Les chiffres donnent le tournis. Plus de 5000 milliards de dollars débloqués pour relancer l’économie mondiale et donner aux institutions financières internationales les moyens d’agir et de mieux réguler. A Londres, jeudi, les chefs d’Etat et de gouvernement du G20 ont mis en face de leurs promesses des sommes dont tout le monde, à première vue, peut légitimement douter. Le bilan de cette journée qualifiée d’historique par tous, de Barack Obama à Nicolas Sarkozy en passant par le président chinois Hu Jintao, n’est-il pas trop massif pour être vrai?
Par son ampleur sans précédent, cet effort de relance et de régulation dépasse l’impact chiffré. Il traduit un tournant politique. Le G20, tous les spécialistes l’affirment désormais, sera le nouvel arbitre des maux économiques, commerciaux et financiers de la planète. Cela ne veut pas dire, c’est évident, que le Conseil de sécurité de l’ONU ou que le G8 se laisseront dépouiller de leurs attributions. Cela ne veut pas dire non plus que, sitôt la croissance revenue, la politique des stricts intérêts nationaux ne reprendra pas ses droits. Mais la crise a ébranlé les équilibres d’hier. Barack Obama a eu beau jeu de plaisanter, devant ses pairs, en se présentant comme le «petit dernier arrivé dans la cour». Son lyrisme sur les «mortels ennemis d’hier» affairés désormais à tenter, ensemble, de relancer la machine économique planétaire peut aussi sembler naïf. Mais la cour a bel et bien changé. Et il en est, avec le volontarisme américain qu’il incarne, une prometteuse locomotive.
Gardons aussi les yeux ouverts sur l’effort de régulation internationale. Car qui dit règles dit droit. Et qui dit droit dit nouvelles manières de commercer, de négocier, de fiscaliser ou de protéger les avoirs de ses concitoyens et de ses clients. C’est là que la décision, prise par le G20, de demander à l’OCDE une liste des pays et entités coopératifs, ou non, sur le plan fiscal prend toute sa valeur.

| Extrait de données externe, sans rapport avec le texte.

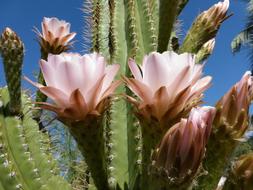 Cactus Flower Bloom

La Suisse, dont les efforts récents ont payé, n’aurait dans ce contexte rien à gagner à interpréter cette surveillance – valable aussi pour le Luxembourg, la Belgique ou l’Autriche – comme une mise à l’index. Une méfiance, c’est vrai, est palpable au sein des pays européens du G20 envers la Confédération et son secret bancaire. Rien ne sert de la nier. Une bataille, comme à chaque fois qu’une liste est dressée, va maintenant se jouer, au niveau du G20 et de l’UE, pour s’assurer à la fois que les accords renégociés seront pris en compte, que tous les partenaires se prêteront au jeu sincèrement et avec rapidité, et que chacun, sous toutes les latitudes, sera jugé de la même façon. La volonté nouvelle de transparence à l’échelle internationale est donc une arme à la disposition, aussi, de la Confédération. Pour demander à son tour justice et équité.